Like Truman, Bush built new bureaucracies to handle new realities, such as an Office/Department of Homeland Security, sought massive defense expenditures, and enunciated grand new national-security doctrines. Truman established containment and his NSC produced the 1950 document NSC-68. Bush initiated preemption and his NSC produced the 2002 National Security Strategy. Hames noted it was Truman, the man from Independence, who claimed a statesman is a politician who has been dead 10 or 15 years.

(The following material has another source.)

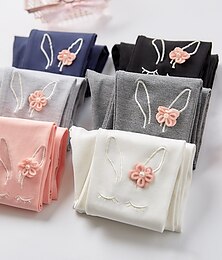 preiswerte -kinderkleidung Mädchen Gamaschen Feste Farbe Aktiv Rüschen Schulanfang Baumwolle 3-7 Jahre Frühling Schwarz Weiß Rosa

George W. Bush’s long-term strategy for the Middle East is to plant the seeds of a wider democratic revolution—starting in Iraq and Afghanistan—that eventually produces a “democratic peace,” one utterly crucial to taming the region before WMDs are easily available to theocratic regimes. I believe his long-term plan for the Middle East is our only hope in stopping the region from ultimately wreaking havoc on itself, America, and the world—a literal life-or-death proposition. The big question is whether it will work, and whether the costs to get there are worth the price. No one knows—and the public is largely oblivious to the plan, particularly because of that terrible failure of this administration to communicate.
Bush has acknowledged that if he is vindicated in the Middle East, it will not happen while he is president, nor even in his lifetime—like Truman, who died nearly two decades before the fall of the Berlin Wall.
George W. Bush has reconciled himself to the reality that he will leave the White House an unpopular president. Call me sentimental, but I find something admirable, even moving, about the man’s stoic ability to do what he feels is right and to put country, and even the world, above himself. The most unpopular president in modern history?—so be it. He quietly, humbly does nothing to toot his own horn, with no concern for legacy and no team of handlers trying to make him look good.
Like the man from Independence, Missouri, the man from Midland, Texas will be content with no ticker-tape parade, and (likely) with never living to see the fruits of his labor.